Art and visual perception by Rudolf Arnheim
A Psychology of the Creative Eye.
[A
great book on study of arts - explains how the eye organizes visual
material according to definite psychological laws. There so much to take
notes from this book and hence I am writing down couple of them]
Any stimulus pattern tends to be seen in such a way that the resulting structure is as simple as the given conditions permit.
In
an absolute sense, a folks song is simpler than a symphony and a
child’s drawing is simpler than a painting by Tiepolo. But we must also
consider relative simplicity which applied to every complexity level.
Compositions by adults are rarely as simple as the conceptions of
children; when they are we tend to doubt the maturity of the maker. This
is because the human brain is the most complex mechanism in nature and
when a person fashions a statement that is to be worthy of him, he must
make it rich enough to reflect the richness of his mind. Simple objects
may please and satisfy us by serving limited functions appropriately,
but all true works of art are quite complex even when look ‘simple’.
Great
works of art are complex, but we also praise them for “having
simplicity’, by which we mean that they organize a wealth of meaning and
form in an overall structure that clearly defines the place and
function of every detail in whole. This way of organizing a needed
structure in the simplest way may be called its orderliness.
Appearance
of any part depends, to a greater or lesser extent, on the structure of
the whole, and the whole in turn is influenced by the nature of its
parts. If they carried too much expression of their own, they would have
marred the unity of the whole work. This is why dancers, who speak
through their bodies, often wear deliberately blank facial expressions;
and it is why Picasso, after experimenting with sketches of rather
complex hands and figures for his Guernica, made them much simpler in
the final work.
At
the first stage of the first dimension, spatial conception is limited
to a linear track. There is no specification of shape. A
two-dimensional conception brings two great enrichments. First, it
offers extension in space and therefore the varieties if size and shape:
Second, it adds to mere distance the differences in direction and
orientation. Three-dimensional space, finally, offers complete freedom:
shape extending in any perceivable direction, unlimited arrangements of
objects, and the totally mobility of a swallow. Beyond these three
spatial dimensions visual imagery cannot reach; the range can be
extended only by intellectual construction.
In
colors, red and green, being of equal intensity, divided retinal
activity into equal halves, whereas yellow and violet were produced by a
ratio of three to one and orange and blue in the ratio of two to one.

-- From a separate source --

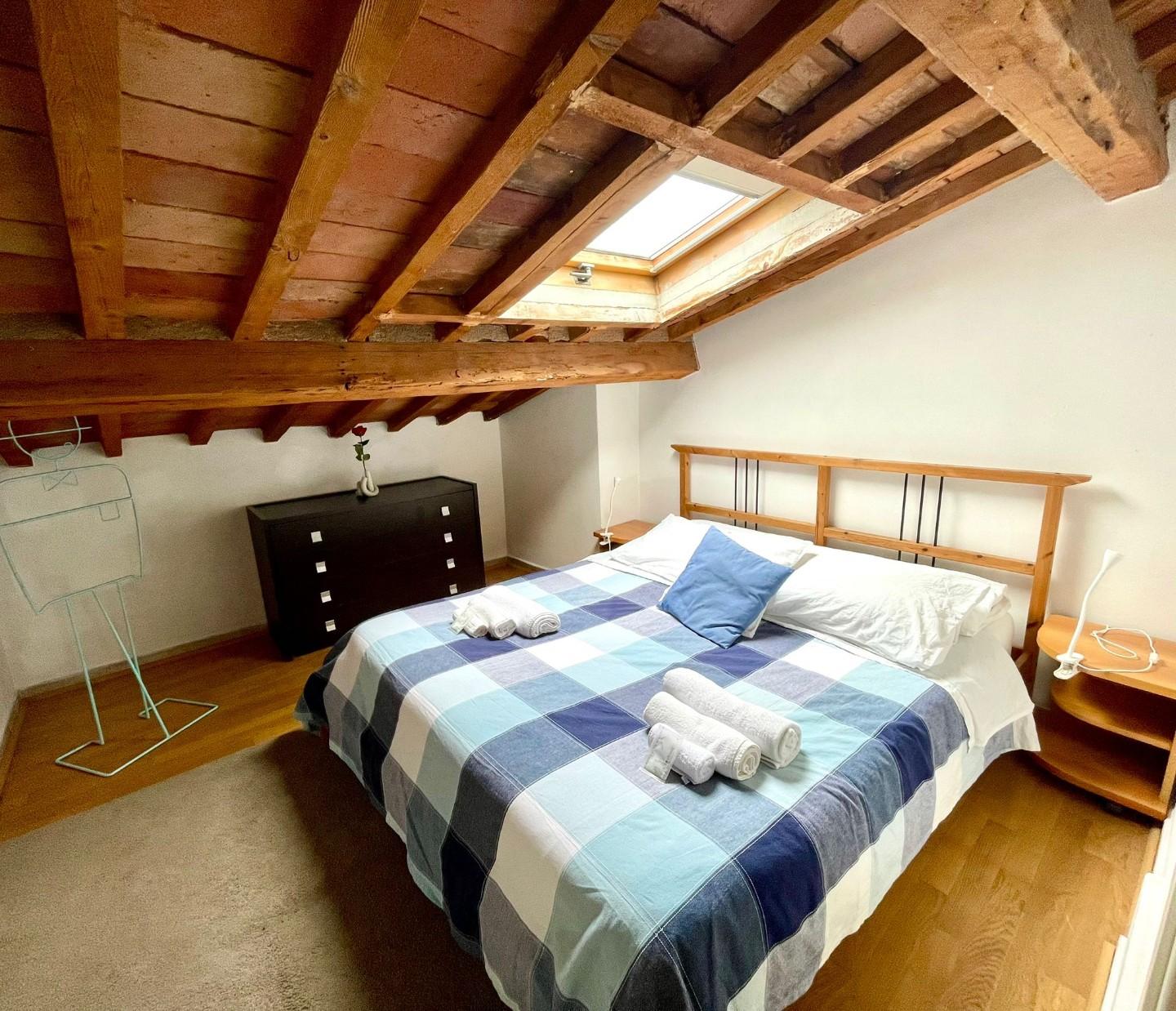 Attico arredato in affitto, Livorno centro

(Green & Red -1/2; Blue (1/3)& orange(2/3), violet(1/4)&
yellow(3/4), black(0) & white(1))
A
motion is the strongest visual appeal to attention. Motion implies a
change in the conditions of the environment, and change may require
reaction. The three variables of the later system are qualitative:
space refers to the path of the movement, which may be straight and
direct or flexible and indirect; Force indicates the difference between
vigorous strength and delicate weightlessness; Time distinguishes
between slow lingering and a sudden start. In conceiving of his or her
activities from the outside but by understanding the impulses that
produce the desired effect. What a dancer or actor wishes to obtain is
not like the sign language of a semaphore transmitting its coded message
to the intellect of the recipient by gesticulation. It is rather a
pattern of visual forces, whose impact is immediately felt.
Since,
however to speak of movement is obviously metaphorical when one refers
to painting, sculpture, architecture, or photography, where nothing
moves physically, what precisely is the nature of the visual phenomenon
thus desired? The one theory prevalent among philosophers and
psychologists avoids the challenge by asserting that in such cases the
observer is under the illusion that actual locomotion is taking place or
more subtly but less clearly that the image feels as though it were in
motion – perhaps because the viewer generates within his own body
appropriate kinesthetic reactions. This latter theory can be found in
Hermann Rorschach’s discussion of movement response to his inkblots.